Accords négociés dans le cadre de procédures pénales: le besoin de normes minimales pour les systèmes de renonciation au procès

Auteur(s) : Assemblée parlementaire

Origine - Discussion par l’Assemblée le 12 octobre 2018 (36e séance) (voir Doc. 14618, rapport de la commission des questions juridiques et des droits de l'homme, rapporteur: M. Boriss Cilevičs). Texte adopté par l’Assemblée le 12 octobre 2018 (36e séance).Voir également la Recommandation 2142 (2018).

1. L’Assemblée parlementaire rappelle l’obligation faite aux États membres de garantir des procès équitables en matière pénale.
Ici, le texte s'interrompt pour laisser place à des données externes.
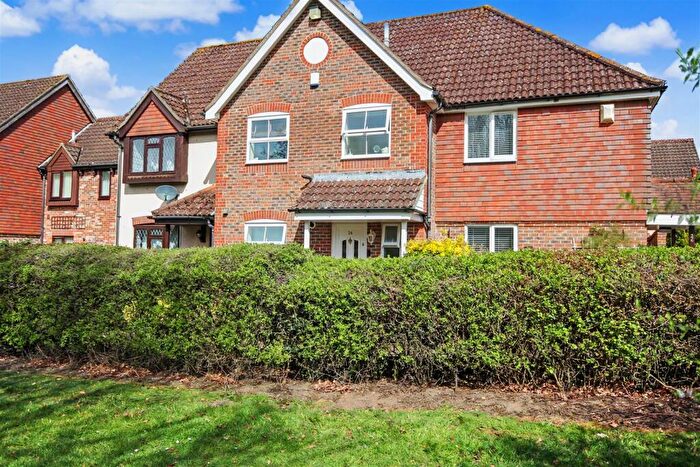 3 Bedroom Terraced House To Rent In Pendlesham Rise, Taverham, Norwich, NR8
Les garanties prévues par la Convention européenne des droits de l’homme (STE no 5, «la Convention»), en particulier dans son article 6 (Droit à un procès équitable), sont conçues pour protéger les innocents et pour promouvoir l’égalité des armes entre le ministère public et la défense, dans l’intérêt d’une justice effective.
2. Elle observe que, dans de nombreux États membres du Conseil de l’Europe et dans les États qui jouissent d’un statut d’observateur ou autre auprès du Conseil de l’Europe ou de l’Assemblée, la tenue d’un procès ordinaire au pénal a progressivement été remplacée par différentes formes de mécanismes de renonciation au procès (également appelés transaction pénale, reconnaissance de culpabilité, procédure abrégée ou procédure sommaire). Dans un certain nombre de pays, une minorité de condamnations pénales seulement sont encore prononcées à l’issue d’un procès ordinaire.
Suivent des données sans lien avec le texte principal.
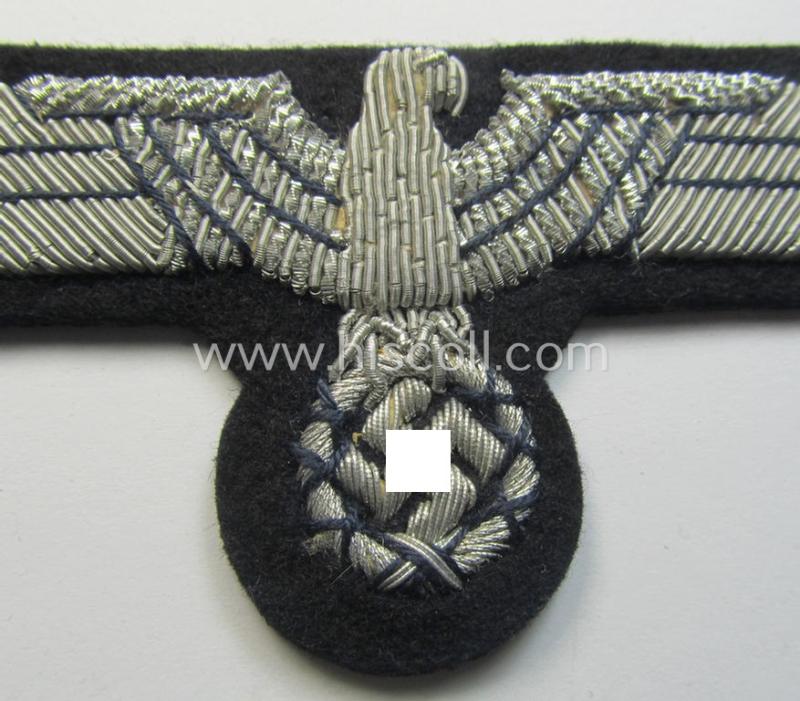 Very attractive - and truly scarcely seen! - WH (Kriegsmarine) neatly hand-embroidered, officers'-type breasteagle on a darker-blue background as was specifically intended for the various naval administrative-officials (ie. 'Beambten der Kriegsmari..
3. Le développement rapide des mécanismes de renonciation au procès, en particulier en Europe centrale et orientale et dans les pays qui ont succédé à l’ancienne Union soviétique, est en partie le fruit des initiatives prises par les États-Unis pour promouvoir la transaction pénale selon le modèle américain dans le cadre de l’assistance technique dispensée aux nouvelles démocraties en vue de réformer leur système judiciaire. Compte tenu des différences marquées qui existent entre les systèmes de justice pénale en Europe et entre l’Europe et les États-Unis, cette transposition présente des risques auxquels il convient de remédier pour minimiser les abus. Notamment, les pouvoirs étendus du ministère public (Prokuratura) dans les systèmes de justice pénale de certains pays d’Europe orientale doivent être contrebalancés par une défense plus solide et par un rôle plus dynamique du tribunal, afin d’éviter que la transaction pénale vire au chantage.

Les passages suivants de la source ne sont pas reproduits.